How to complete this task: Repeat exactly the lines of the material below that run from the "I also picked" line to the "This vehicle gets" line, including both, and do not carry over any pictures.

Materials provided:
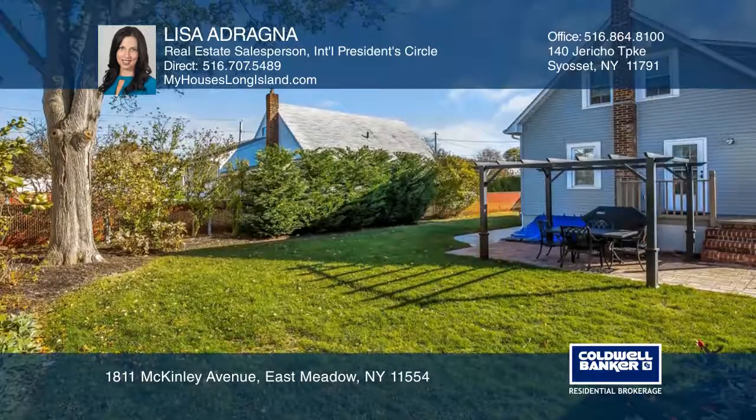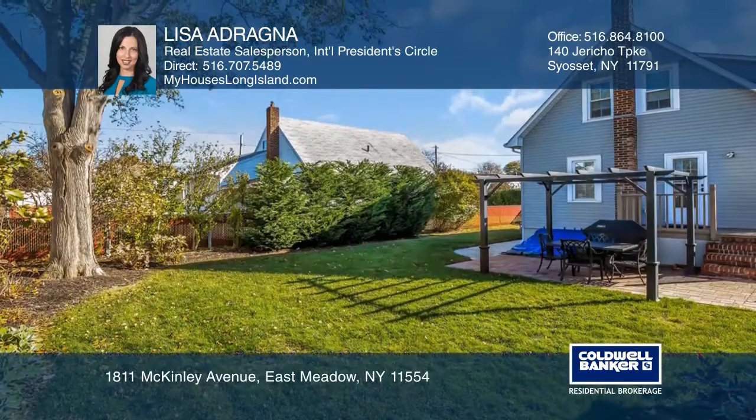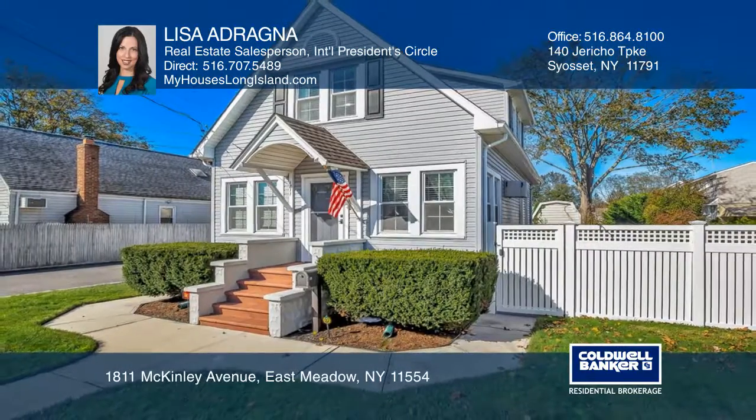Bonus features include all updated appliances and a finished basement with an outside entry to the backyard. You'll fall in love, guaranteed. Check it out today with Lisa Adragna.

* * *

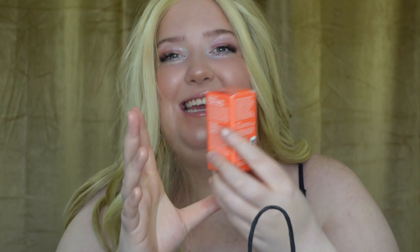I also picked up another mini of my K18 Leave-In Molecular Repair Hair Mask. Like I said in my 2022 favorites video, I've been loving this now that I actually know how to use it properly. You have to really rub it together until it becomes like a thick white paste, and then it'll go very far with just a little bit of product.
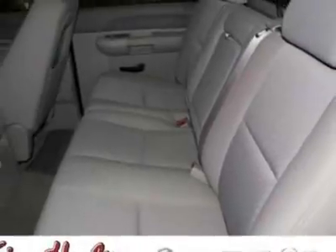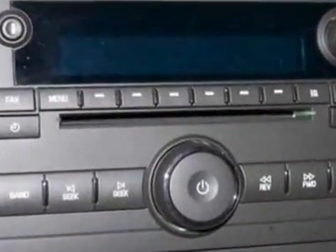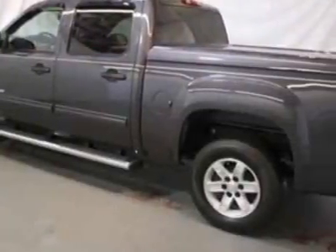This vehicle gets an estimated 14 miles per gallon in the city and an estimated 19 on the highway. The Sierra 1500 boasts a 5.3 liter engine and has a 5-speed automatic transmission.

--

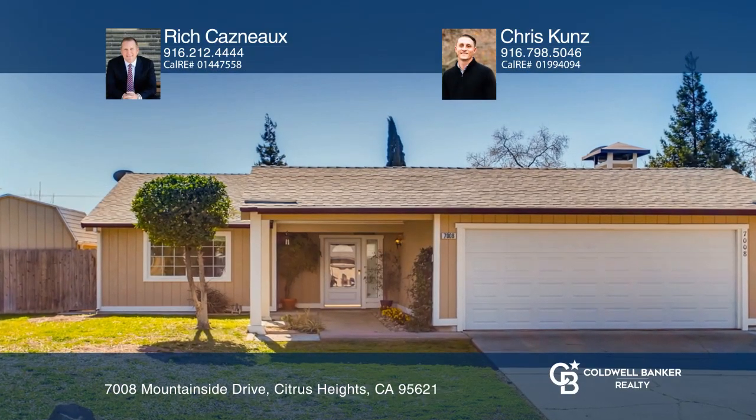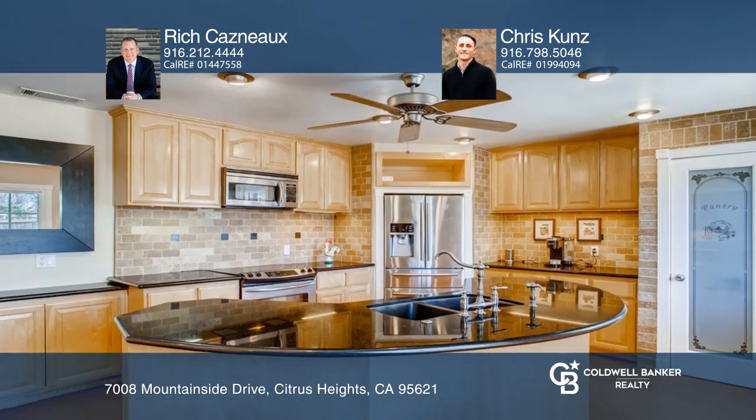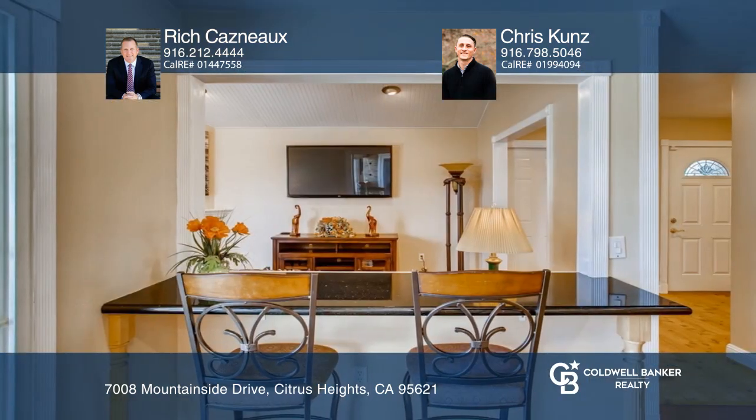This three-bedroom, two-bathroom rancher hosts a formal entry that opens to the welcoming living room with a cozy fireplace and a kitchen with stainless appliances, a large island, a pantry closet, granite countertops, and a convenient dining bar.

Completed exercise:
I also picked up another mini of my K18 Leave-In Molecular Repair Hair Mask. Like I said in my 2022 favorites video, I've been loving this now that I actually know how to use it properly. You have to really rub it together until it becomes like a thick white paste, and then it'll go very far with just a little bit of product.
This vehicle gets an estimated 14 miles per gallon in the city and an estimated 19 on the highway. The Sierra 1500 boasts a 5.3 liter engine and has a 5-speed automatic transmission.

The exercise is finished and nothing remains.